103 emekli amiralin 4 Nisan’da yayınladıkları bir bildiri ortalığı karıştırdı. Bildiri, son günlerde iktidarın tartışmaya açtığı Montrö Boğazlar Sözleşmesinin önemi ve tarikat cüppeli amiral meselesinden duydukları üzüntüleri üzerineydi. İktidarın yeni bir mağduriyet yaratmak, “demokrasi ve milli iradeyi” ne kadar çok önemsediklerini (!) sert şekilde vurgulamak için ayaklarına gelen bu harika pası gole çevirmemesi düşünülemezdi elbet. Bu bildiriden azami siyasal faydayı sağlamaya derhal başladılar.

“Bana her şey seni hatırlatıyor” şarkısında olduğu gibi, iktidar gündemdeki her konuyu bir şekilde Kanal İstanbul’a bağlıyor. Çevre ve Şehircilik Bakanı Murat Kurum bildiriye karşı yaptığı açıklamada (bağlantı pek anlaşılamasa da) “Kanal İstanbul’u yapacağız. Şimdi her zamankinden daha çok inanıyoruz” dedi.
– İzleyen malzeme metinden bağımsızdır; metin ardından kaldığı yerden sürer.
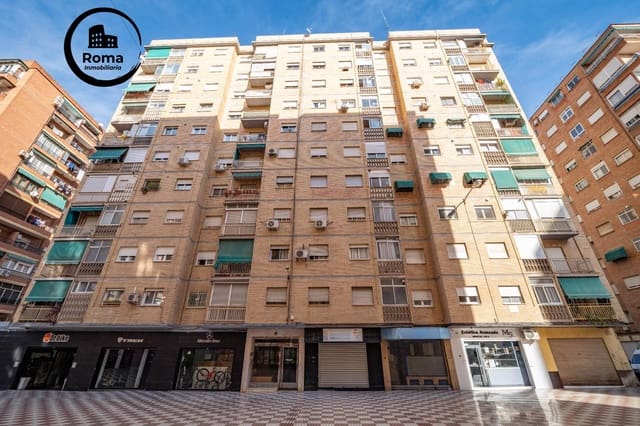 Piso de 3 habitaciones en Granada ciudad en venta - 215.000 € (Ref: 9466050)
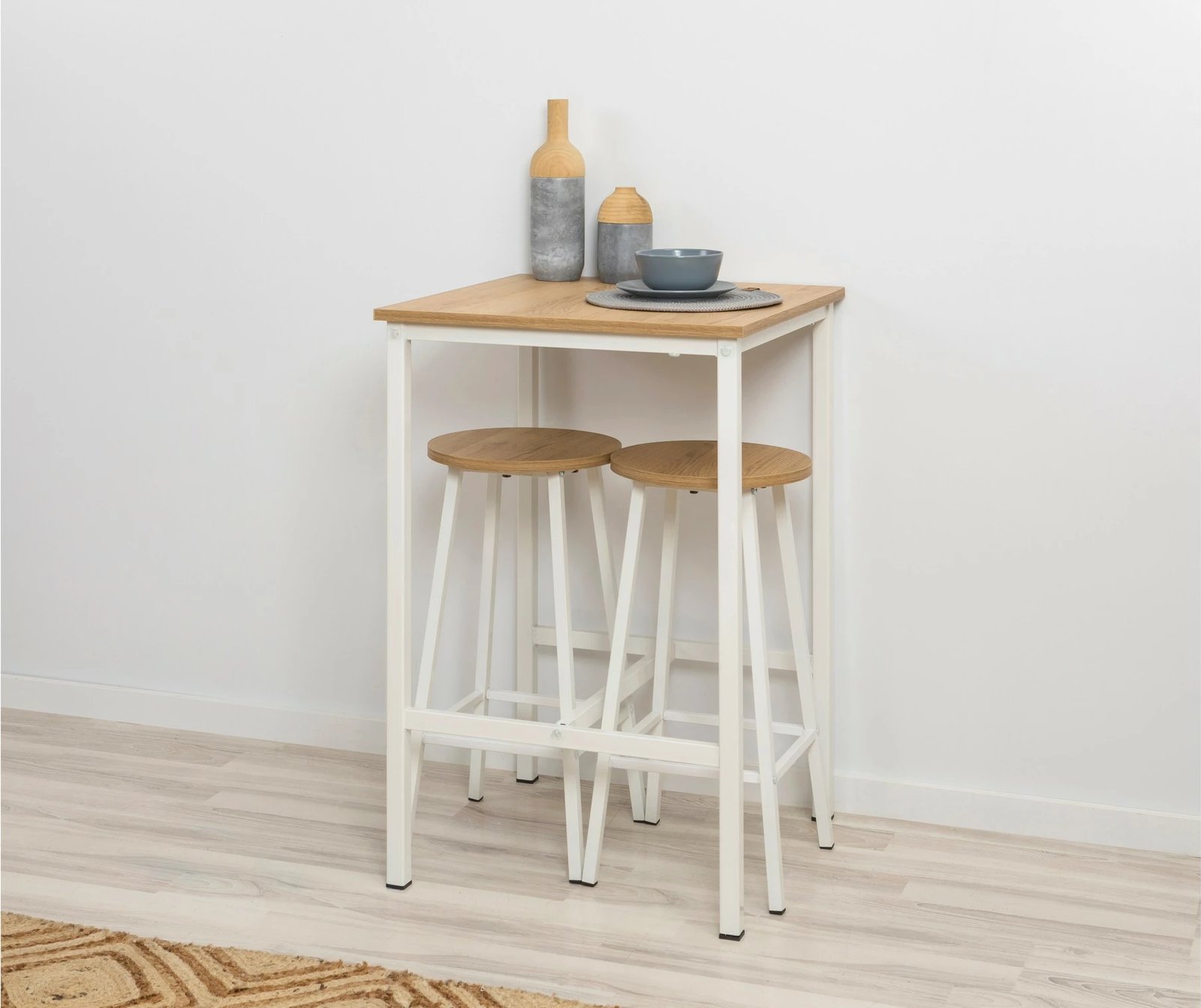 Karrige për bar Hanah Home, Mora - Karina, e bardhë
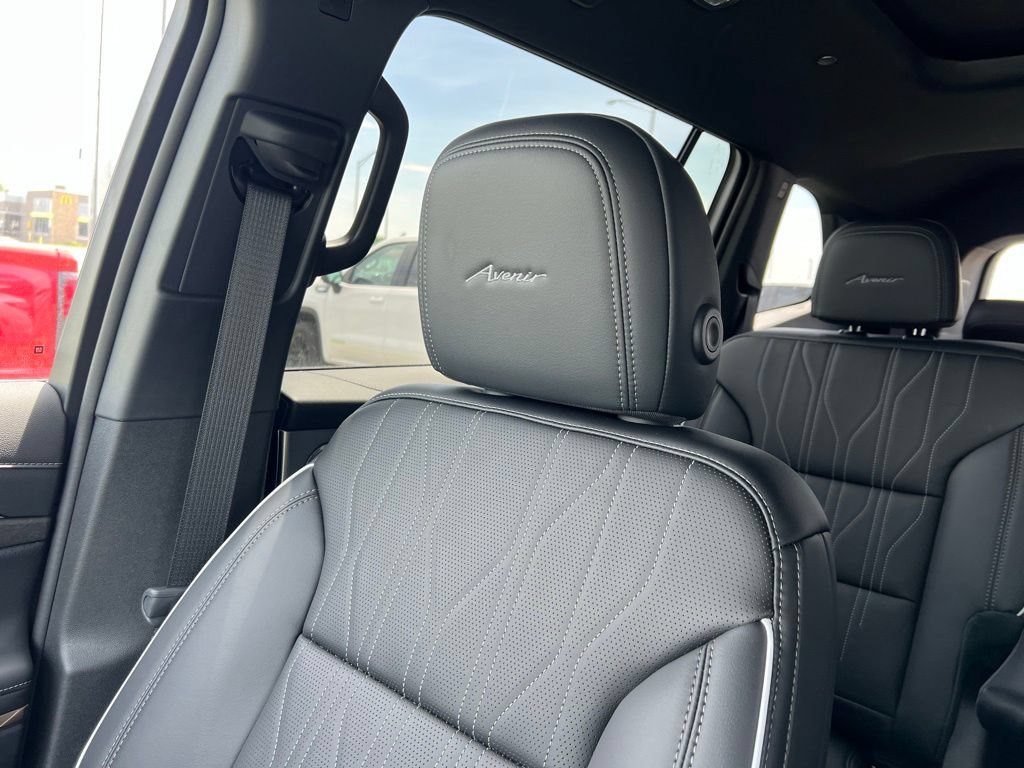 New 2026 Buick Enclave Avenir w/ Super Cruise Package FWD image 18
Cumhurbaşkanı Erdoğan da bildiriye yanıtında Kanal İstanbul’a değinmeden geçemedi. "Türkiye, Kanal İstanbul sayesinde Montrö'deki sınırlamalarının dışında tamamen kendi egemenliğinde bir alternatife kavuşmuş olacaktır. Bu bizim egemenlik mücadelemizdir." dedi.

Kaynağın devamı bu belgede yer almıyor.